Creates a special function kmem_cache_isolate_slab() and kmem_cache_reclaim()
to support lumpy reclaim.

In order to isolate pages we will have to handle slab page allocations in
such a way that we can determine if a slab is valid whenever we access it
regardless of its time in life.

A valid slab that can be freed has PageSlab(page) and page->inuse > 0 set.
So we need to make sure in allocate_slab() that page->inuse is zero before
PageSlab is set.

kmem_cache_isolate_page() is called from lumpy reclaim to isolate pages
neighboring a page cache page that is being reclaimed. Lumpy reclaim will
gather the slabs and call kmem_cache_reclaim() on the list.

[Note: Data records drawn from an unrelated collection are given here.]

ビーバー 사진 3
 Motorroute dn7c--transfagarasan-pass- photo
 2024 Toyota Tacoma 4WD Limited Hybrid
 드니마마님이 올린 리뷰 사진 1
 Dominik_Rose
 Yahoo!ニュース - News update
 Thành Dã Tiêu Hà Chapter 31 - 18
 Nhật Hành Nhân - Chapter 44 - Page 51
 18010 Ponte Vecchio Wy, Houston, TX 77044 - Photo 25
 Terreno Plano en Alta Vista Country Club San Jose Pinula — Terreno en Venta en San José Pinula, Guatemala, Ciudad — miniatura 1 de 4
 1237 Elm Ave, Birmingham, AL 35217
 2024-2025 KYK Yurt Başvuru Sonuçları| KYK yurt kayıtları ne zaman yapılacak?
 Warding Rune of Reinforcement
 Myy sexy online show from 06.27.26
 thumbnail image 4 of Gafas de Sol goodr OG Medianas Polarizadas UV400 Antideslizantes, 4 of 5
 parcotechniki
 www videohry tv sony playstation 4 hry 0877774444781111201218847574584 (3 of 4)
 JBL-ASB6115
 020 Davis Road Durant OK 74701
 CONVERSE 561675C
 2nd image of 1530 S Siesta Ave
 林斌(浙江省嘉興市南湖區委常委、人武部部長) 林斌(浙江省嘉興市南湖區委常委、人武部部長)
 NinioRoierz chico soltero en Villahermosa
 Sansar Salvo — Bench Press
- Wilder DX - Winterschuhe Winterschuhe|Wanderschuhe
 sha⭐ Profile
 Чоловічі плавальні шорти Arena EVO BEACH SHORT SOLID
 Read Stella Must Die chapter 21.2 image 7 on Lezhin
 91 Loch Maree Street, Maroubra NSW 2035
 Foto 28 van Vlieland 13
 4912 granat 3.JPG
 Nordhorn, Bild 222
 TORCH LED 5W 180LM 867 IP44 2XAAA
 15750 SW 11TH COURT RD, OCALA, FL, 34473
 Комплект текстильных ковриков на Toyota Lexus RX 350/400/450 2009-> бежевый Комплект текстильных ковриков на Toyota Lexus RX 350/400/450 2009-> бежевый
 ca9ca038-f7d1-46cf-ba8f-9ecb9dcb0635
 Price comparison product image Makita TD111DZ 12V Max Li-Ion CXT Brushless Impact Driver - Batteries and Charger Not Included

This means that we can remove a slab in order to be able to coalesce
a higher order page.

Reviewed-by: Rik van Riel <[EMAIL PROTECTED]>
Signed-off-by: Christoph Lameter <[EMAIL PROTECTED]>
---
 include/linux/slab.h |    2 +
 mm/slab.c            |   13 ++++++
 mm/slub.c            |  102 ++++++++++++++++++++++++++++++++++++++++++++++++---
 mm/vmscan.c          |   13 +++++-
 4 files changed, 123 insertions(+), 7 deletions(-)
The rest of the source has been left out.